The theme of war and violence continues in her series, Gallery of Anxiety. To depict the looming threat of war, the artist uses two layers. The bottom is of paper with wryly stylized images in etching and aquatint: hand grenades, missiles, guns and so forth, military hardware belching folkish curlicues of smoke. On top is the acrylic sheet of the box frame with serigraphic hills and trees, an idyll disrupted by soldiers, helicopters, dying men, all of it induced by the gallery lights to cast dark shadows on the paper below. The litter of references may not always be clear but the irony in a phrase like ‘war without permit’ certainly is.
Tapati Chowdhury’s sketch of overlapping chairs is understated in treatment. Placed against a vertebral column, the chairs and, what looks like a foot stool, take on a somewhat chilling sense when you notice the title, Deposition, which may bring arduous hours of interrogation to mind. But the viewer will delight in Avijit Mukherjee’s untitled work. It’s a suite of 20 ink sketches of spry, playful whimsy and inspired child art forms, doodled with spontaneity but in an unerring hand. Safety pins, pricking all kinds of objects, are recurring motifs, sometimes glimpsed through a ‘window’ cut in the paper surface, while scribbles of birds and animals and patterned terrains come tumbling out of a buoyant imagination.

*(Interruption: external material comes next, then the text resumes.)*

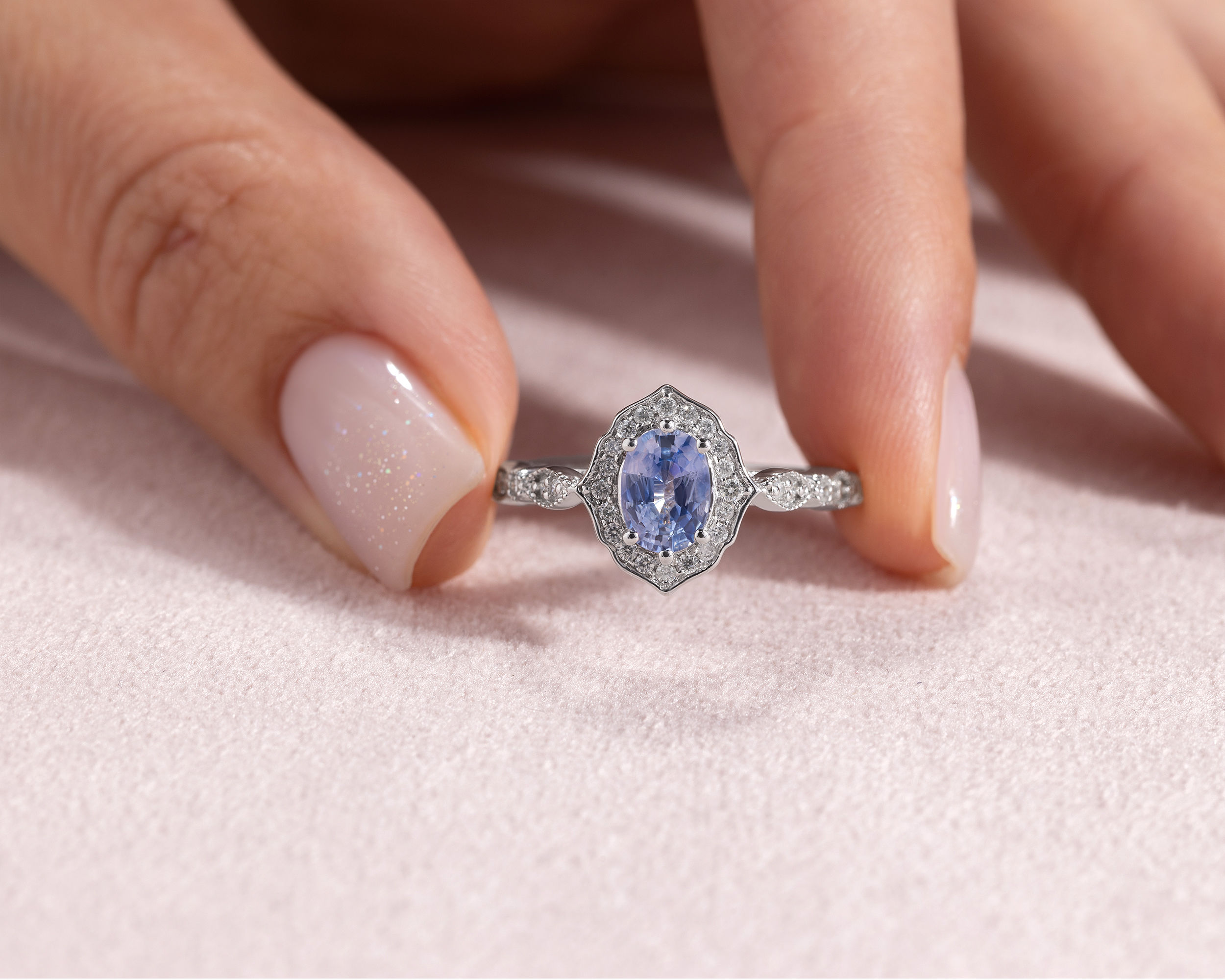 1.40 Ct Real Blue Sapphire & Natural Diamond Ring 14k White Gold Oval VS2-SI3 - Image 4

Mahjabin Majumdar’s surrealist phrases — like a deer with eyeless sockets through which pass strings of pearls — appear self-conscious in their solipsistic romanticism. But the meticulous depiction gives a palpable individuality to the objects here, the pearl strings. And Nantu Behari’s sculpture of a bloated head is rather usual but for the surface of tiny, receding craters.